Creating an Imputation Method
Function makeImputeMethod allows to create your own imputation method. For this purpose you need to specify a learn function that extracts the necessary information and an impute function that does the actual imputation. The learn and impute functions both have at least the following arguments:
data
is a data frame with missing values in some features.col
indicates the feature to be imputed.target
indicates the target variable(s) in a supervised learning task.
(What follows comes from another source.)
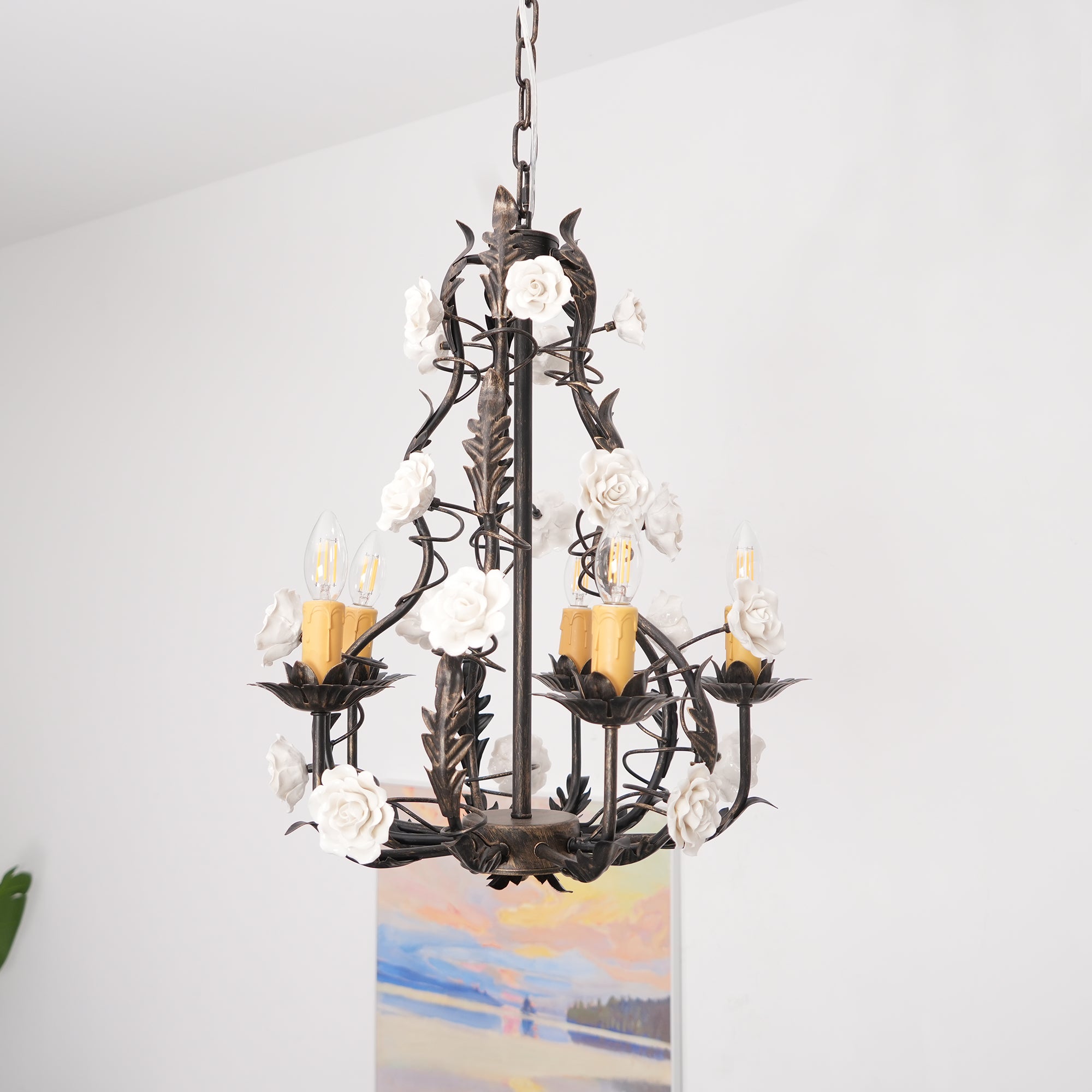 Araeyra Postmoderner Luxus Rosen-Keramik-Kronleuchter-Letslighting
Let's have a look at function imputeMean.
imputeMean
#> function ()
#> {
#> makeImputeMethod(learn = function(data, target, col) mean(data[[col]],
#> na.rm = TRUE), impute = simpleImpute)
#> }
#> <bytecode: 0x7fa7dbbea4e8>
#> <environment: namespace:mlr>
mlr:::simpleImpute
#> function (data, target, col, const)
#> {
#> if (is.na(const))
#> stopf("Error imputing column '%s'. Maybe all input data was missing?",
#> col)
#> x = data[[col]]
#> if (is.factor(x) && const %nin% levels(x)) {
#> levels(x) = c(levels(x), as.character(const))
#> }
#> replace(x, is.na(x), const)
#> }
#> <bytecode: 0x7fa7dc5fdff8>
#> <environment: namespace:mlr>
The learn function calculates the mean of the non-missing observations in column col
.
The mean is passed via argument const
to the impute function that replaces all NA's
in feature col
.
Now let's write a new imputation method: In case of longitudinal data a frequently used technique is last observation carried forward (LOCF) where missing values are replaced by the most recent observed value.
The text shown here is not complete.